I don't have any tolerance for people who don't work for a living, by living on unearned income*, whether they are rich or poor, whether it is coupon clipping or direct government aid. I know from previous discussions with you and most of the people here that you disagree with this, believing that the rich should be able to sit on their asses if their grandfather was also rich.
It's not that we consider this desirable, but that we consider the harm of preventing it to be greater than the harm it causes.
But this is dangerous for capitalism. Wealth becomes ever more concentrated in the upper class, drawing the wealth from the poor and the middle class. This reduces the life blood of the economy, aggregate demand, which reduces investment. It can also eventually result in social unrest, which will finally result in a discontinuous over reaction the other way. Reference the French and Russian revolutions for example. Even when it is not this serious, this concentration of wealth is undemocratic, especially if you have the insanity of a court ruling that corporations are people and money is free speech.

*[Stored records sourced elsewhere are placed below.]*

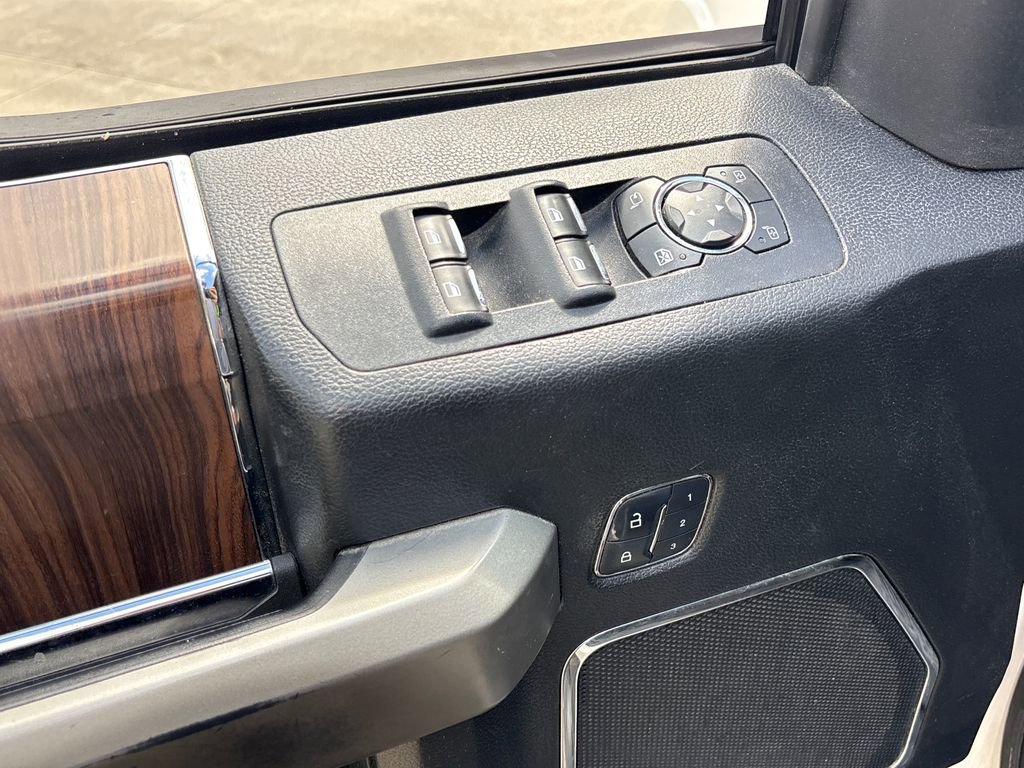 Used 2017 Ford F150 Lariat w/ Equipment Group 502A Luxury AWD/4WD image 16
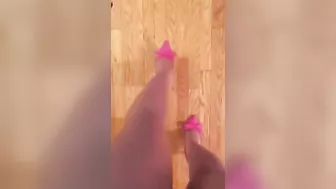 Arab mom captures legs with pink shoes on while walking in XXX video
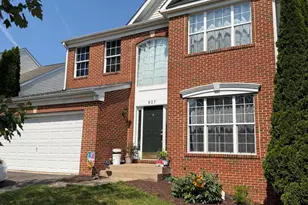 927 Fairwood Dr, Culpeper, VA 22701 - Photo 2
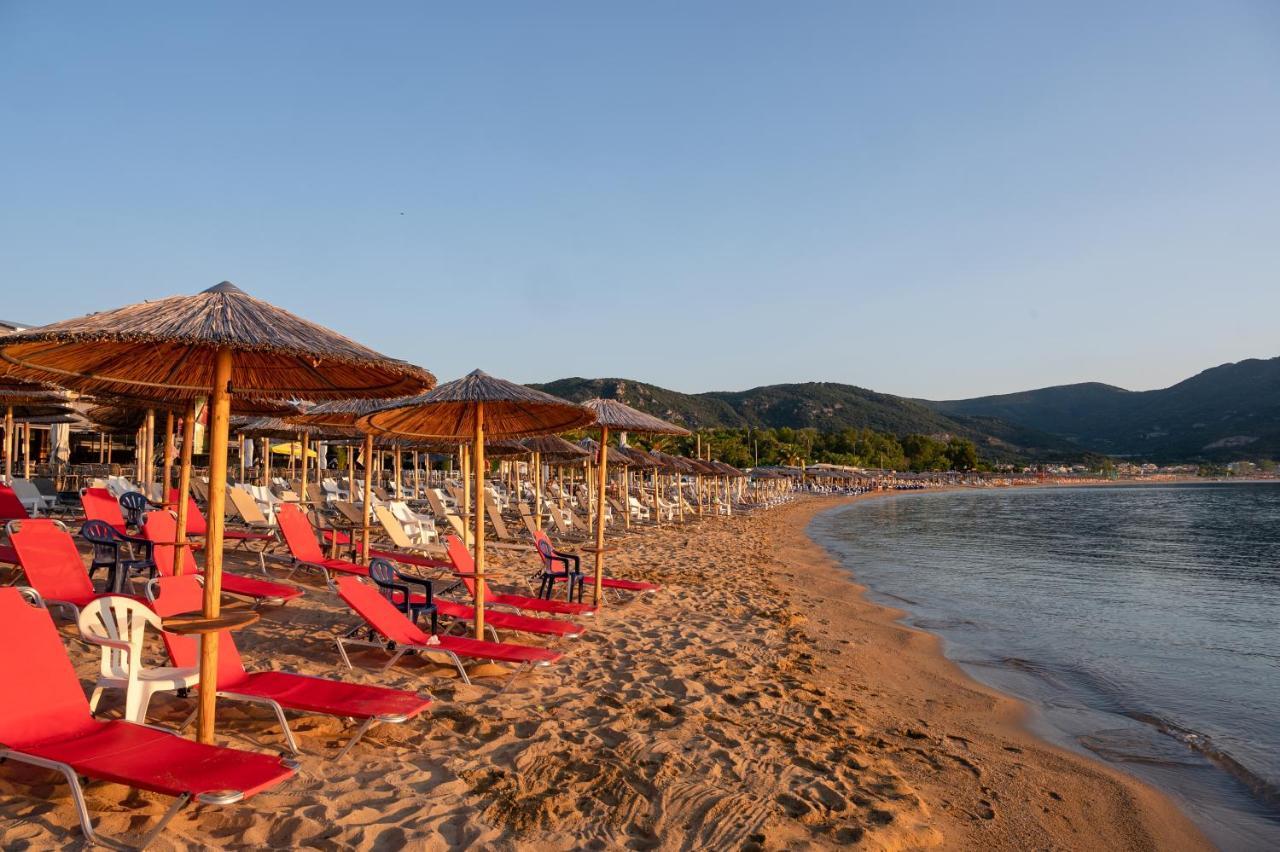 Blue Wave Luxury Suites Nea Iraklitsa Ngoại thất bức ảnh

Whether wealth is concentrated has little to do with idle rich passing the money on to their children. That's a tiny portion of the economy.
And most people here believe that we should have a guaranteed minimum income, paid by the government. This is also dangerous. As we have seen repeatedly, the recipients of the government money will be demonized as freeloaders. And whatever the government subsidizes the government gets more of. If the government subsidizes low wages then we will get more low wages and the wages that are low will never be raised.

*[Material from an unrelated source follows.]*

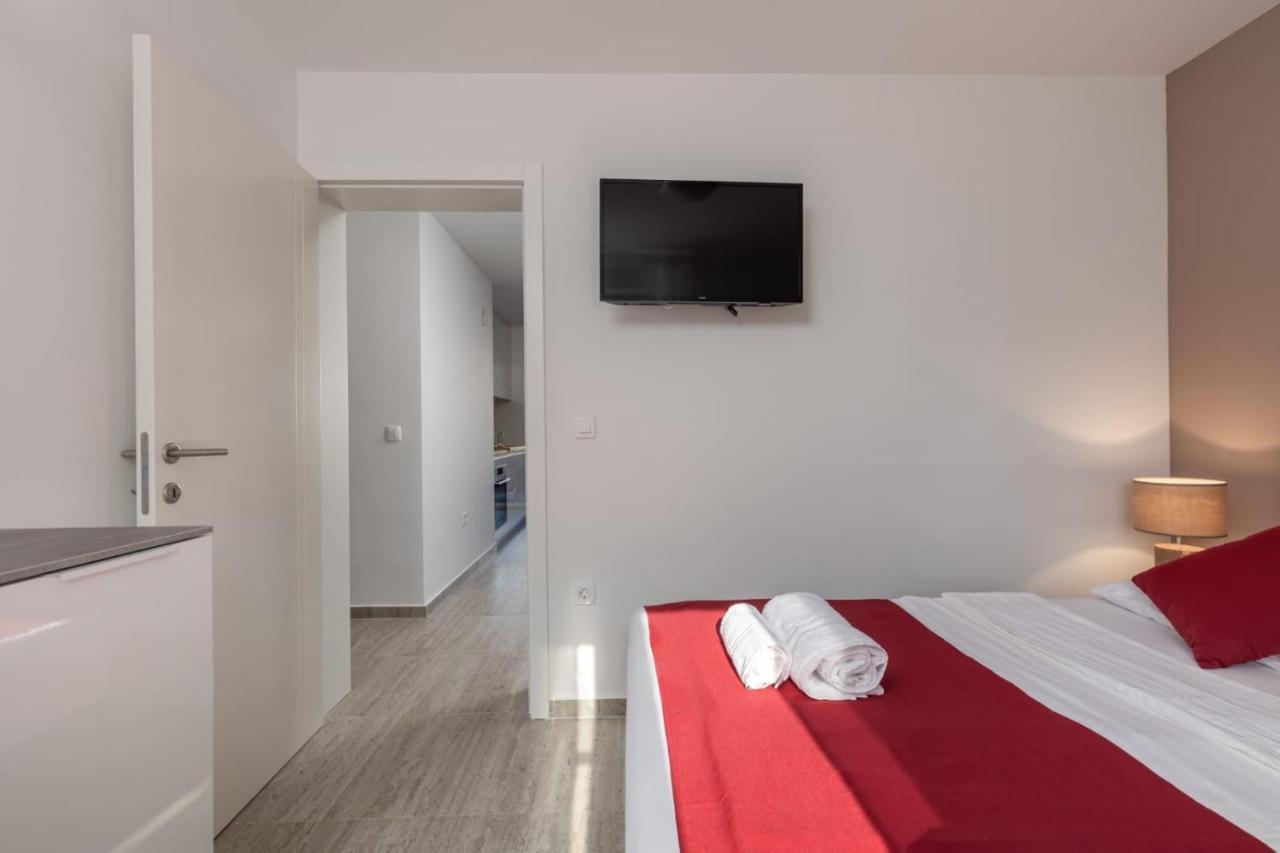 Apartments Cesare Нин Екстериор снимка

You're making a mistake here--assuming that high wages are a goal. They aren't. The economic status of workers is the goal, wages are simply a means to it.

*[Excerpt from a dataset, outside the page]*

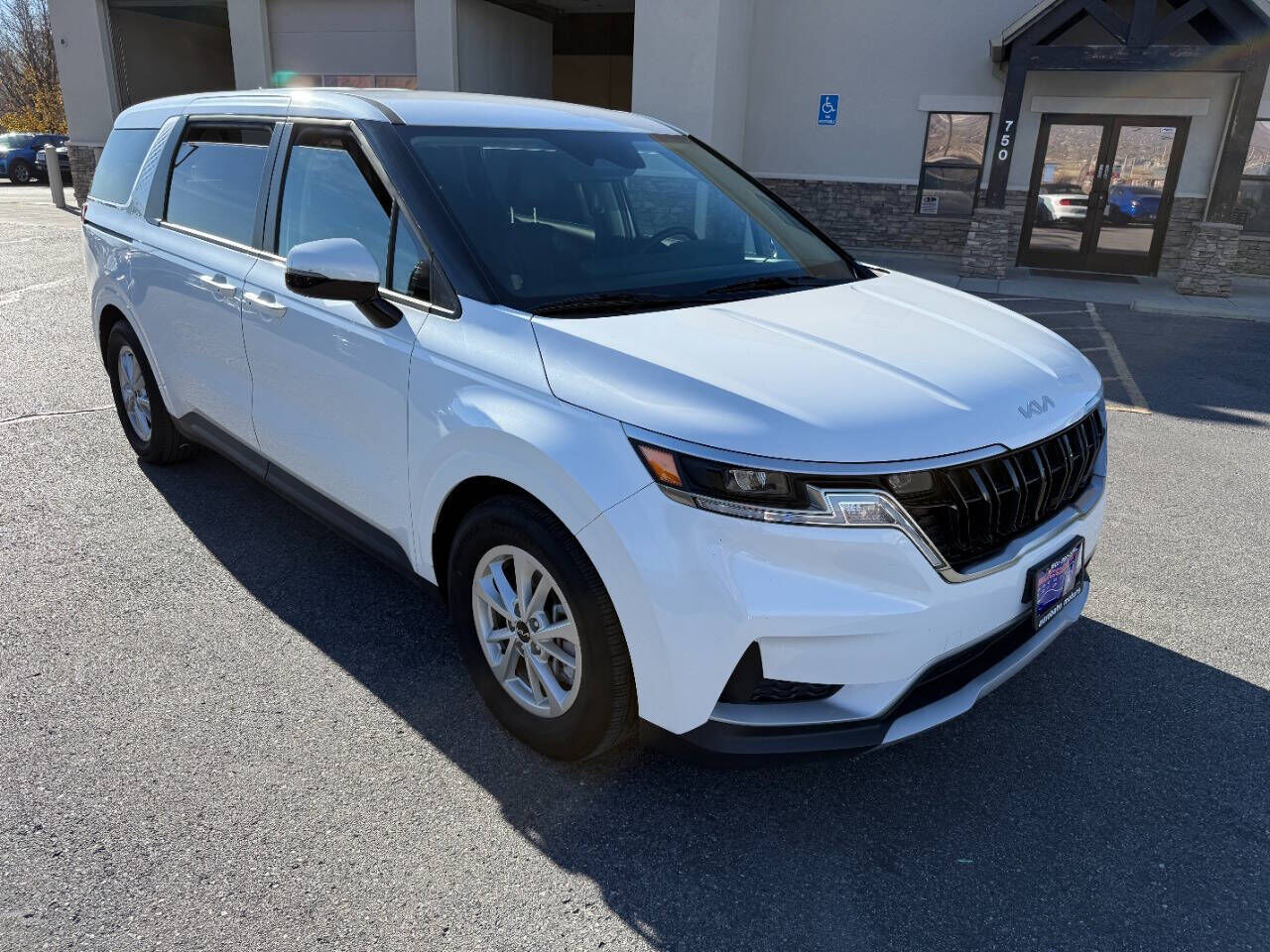 2024 Kia Carnival LX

I have repeatedly pointed these things out to you as well as addressed your best arguments.
No, raising wages slowly over time doesn't raise costs or unemployment, it lowers profits.
Your repeated pointing doesn't make it true. A slow raise in wages above market reality will not produce an effect that can be seen above the noise. That doesn't mean it won't have an effect.
You talk about lowering profits--but in the long run profits are basically fixed. If profits are too low companies that fail aren't replaced, supply drops, prices rise, profit rises. If profits are too high new players enter the market, supply rises, prices and profits drop.
No, we don't have to have an infinite pool of profits before we can raise wages, that is beyond silly.
Of course it's beyond silly--the point is that it's necessary for many of the leftist arguments to make sense.
Too much of the aggregate income paid in profits results in,
[The concentration of wealth into ever fewer hands. You say that the wealth dispurses, meaning that one person's wealth is spread over time and generations to more and more people, which is true. But what I am referring to is looking at the whole economy, not just a single family, that without a program of active redistribution, that capitalism will concentrate the wealth in fewer and fewer hands, that the wealth will flow up from the poor and the middle class, that income and wealth inequality gets worse.
You're forgetting that corporate profits are paid out to shareholders--many of which are the retirement accounts and pension accounts of the average person.
Inflation of real estate, stocks, bonds, will increase, putting a drag on the economy. All of the benefits from globalization, that is lower costs for consumer products, has been canceled out by the increased costs of housing and of a college education.
Housing is going up because of the scarcity of land in desirable locations.
Increased financial market instability as an unregulated Wall Street dreams up more zero sum financial instruments to try to absorb the ever increasing amounts of excess financial capital in the hands of the rich, such as the credit default swaps and the subprime mortgage backed securities that were so instrumental in causing the Great Financial Crisis of 2008.
While I agree this is happening it has nothing to with the distribution of wealth, but rather people dreaming up ever more complex ways to do things. 1929 taught us the danger of allowing too high a debt ratio in the investment economy and rules were put in place to limit it. The fundamental problem in 2008 was Wall Street dreaming up new means of investing that worked around the limits that 1929 taught us were needed. Unfortunately, we didn't learn our lesson this time around and the problem remains.